[Captioned web image data]
============
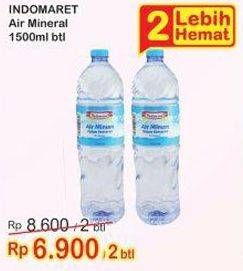 Promo Harga INDOMARET Air Mineral per 2 botol 1500 ml - Indomaret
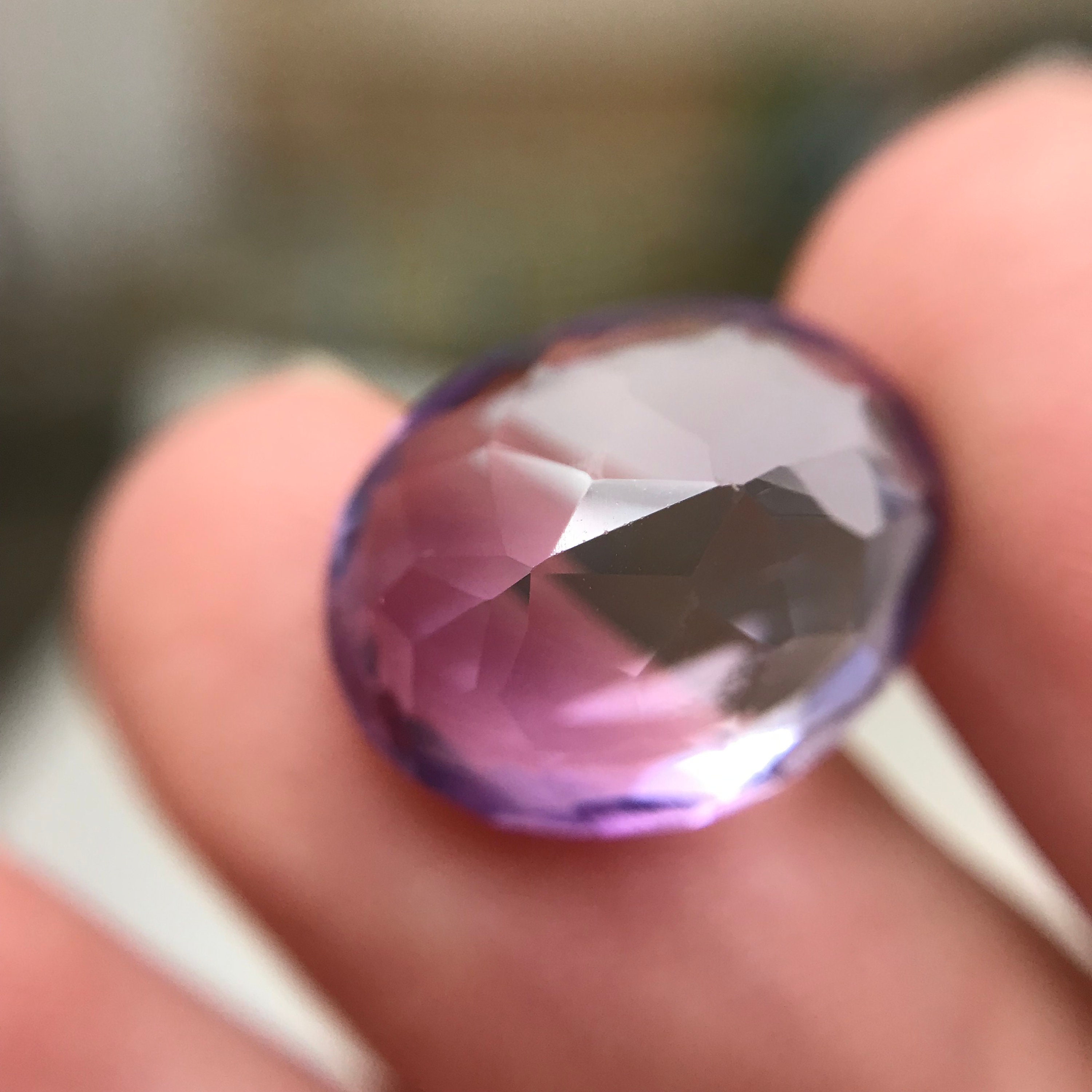 赤と青 (Type-A)/purple stone 0.89ct, Purple Sapphire, Unheated, パープルサファイア, 非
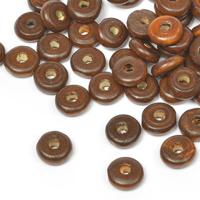 Бусины деревянные "Magic 4 Hobby", размер: 10 мм, цвет: коричневый (210 штук)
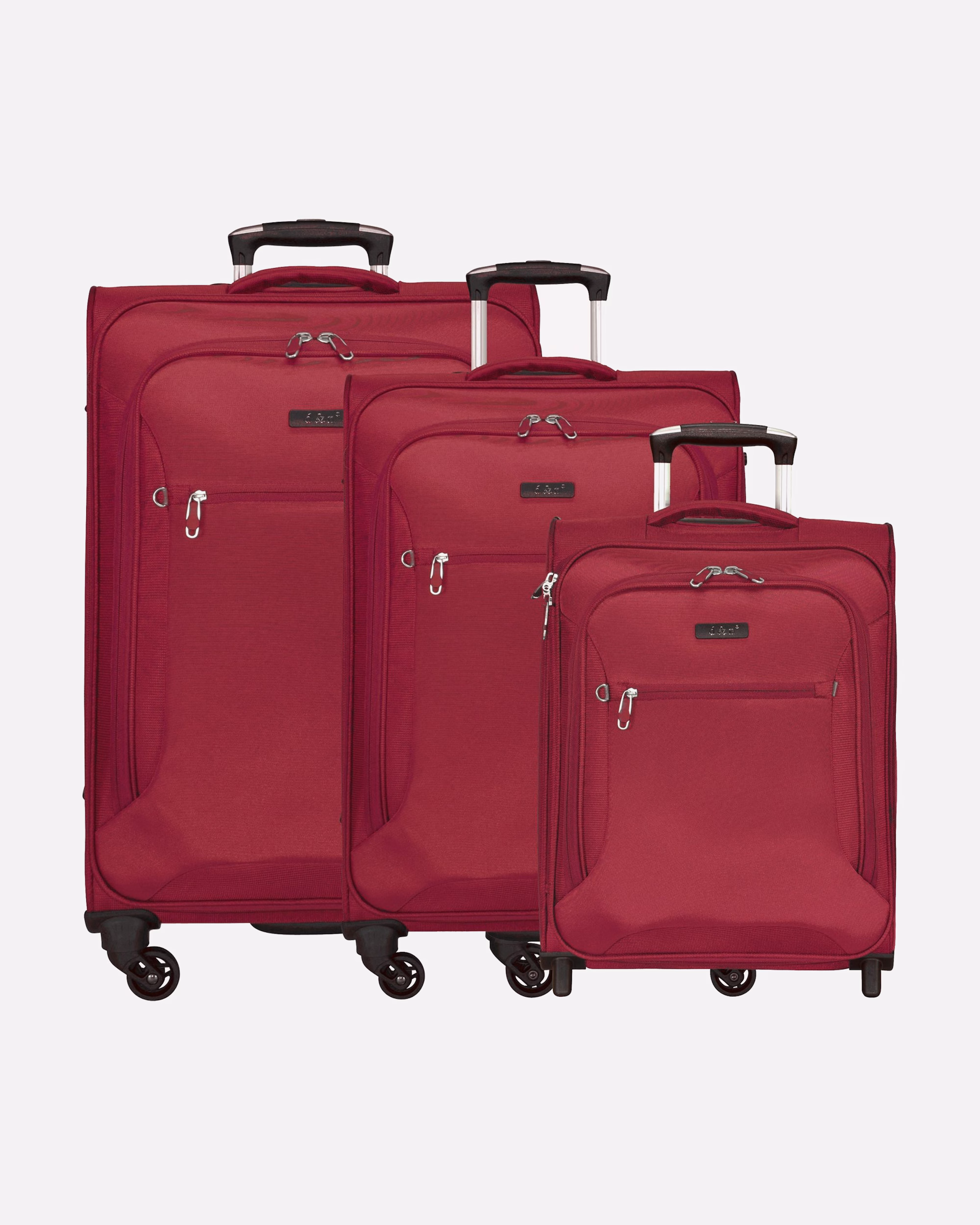 d & n suitcase Travel Line 6400 2-4-wheel suitcase set 3 pieces. Travel Line 6400 2-4-Rollen Kofferset 3tlg.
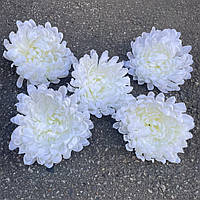 Головка хризантемы 12 см белая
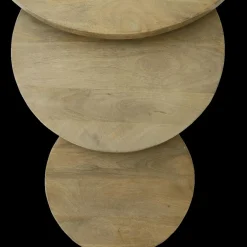 Salontafels & Bijzettafels|Ygo Salontafel S/3 BECCA Rond Mango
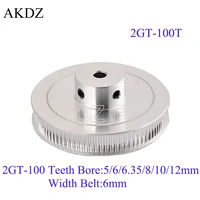 100 teeth 2gt timing pulley bore 66 358101214151619202225mm for gt2 synchronous belt width 610mm 100teeth 100t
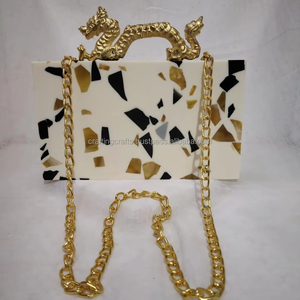 กระเป๋าคลัทช์เรซิ่นดีไซน์สวยสำหรับสุภาพสตรี คุณภาพสูง พรีเมียม กระเป๋าคลัทช์ผู้หญิง คุณภาพดีที่สุด แฟชั่น ทันสมัย ขายดี งานฝีมือเรซิ่น - Product Image 1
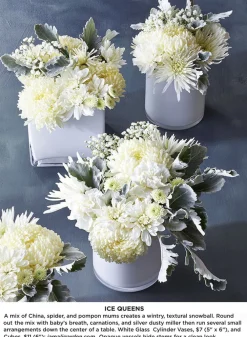 White Cylinder Glass Vases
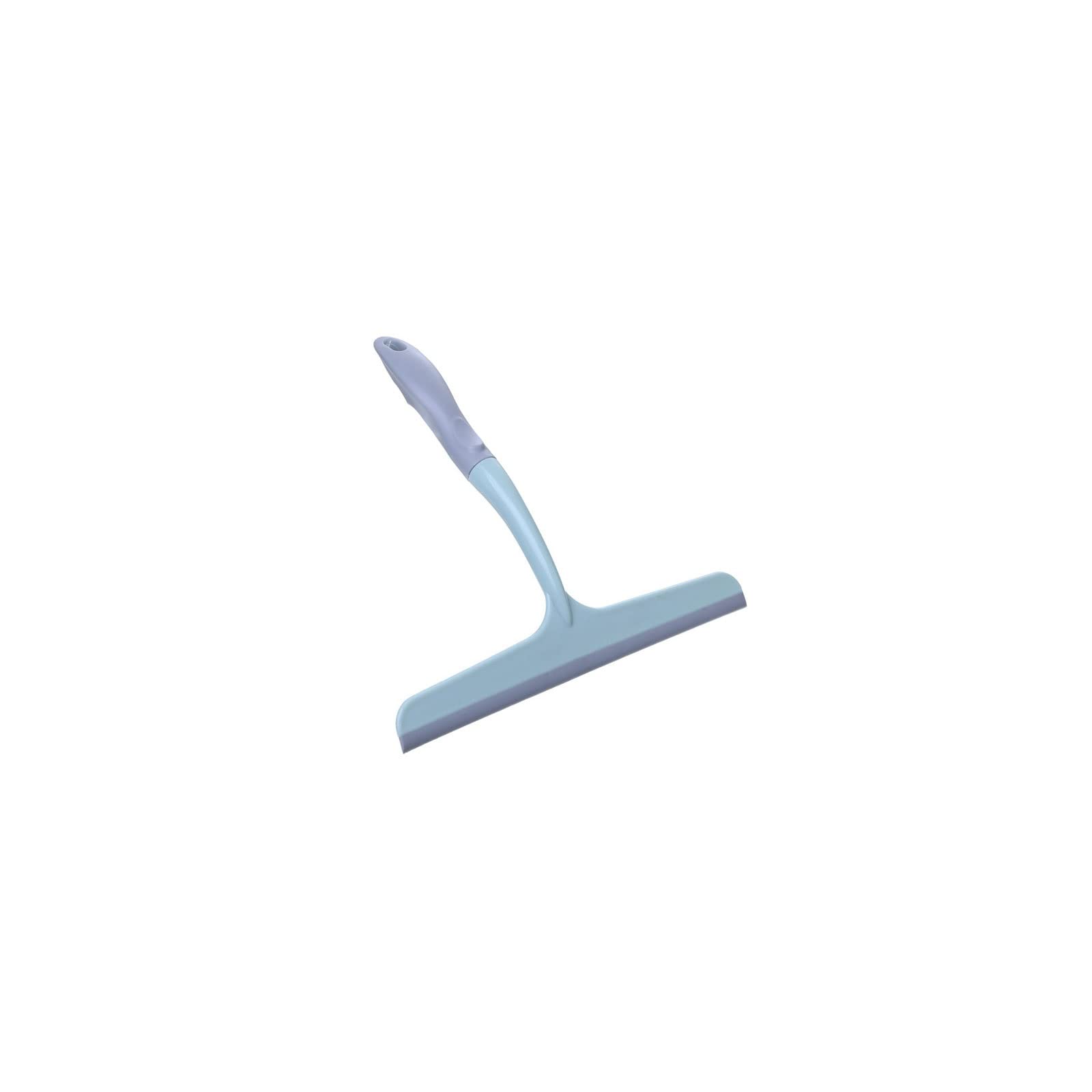 Multicolor PP TPR Silicone Shower Squeegee Non-Slip Cleaner(Blue)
============
_THE PROBLEM_
Please leave out the pictures while you copy exactly the lines from the one containing "100 teeth 2gt" through the end of the records.

_EXPECTED OUTPUT_
 100 teeth 2gt timing pulley bore 66 358101214151619202225mm for gt2 synchronous belt width 610mm 100teeth 100t
 กระเป๋าคลัทช์เรซิ่นดีไซน์สวยสำหรับสุภาพสตรี คุณภาพสูง พรีเมียม กระเป๋าคลัทช์ผู้หญิง คุณภาพดีที่สุด แฟชั่น ทันสมัย ขายดี งานฝีมือเรซิ่น - Product Image 1
 White Cylinder Glass Vases
 Multicolor PP TPR Silicone Shower Squeegee Non-Slip Cleaner(Blue)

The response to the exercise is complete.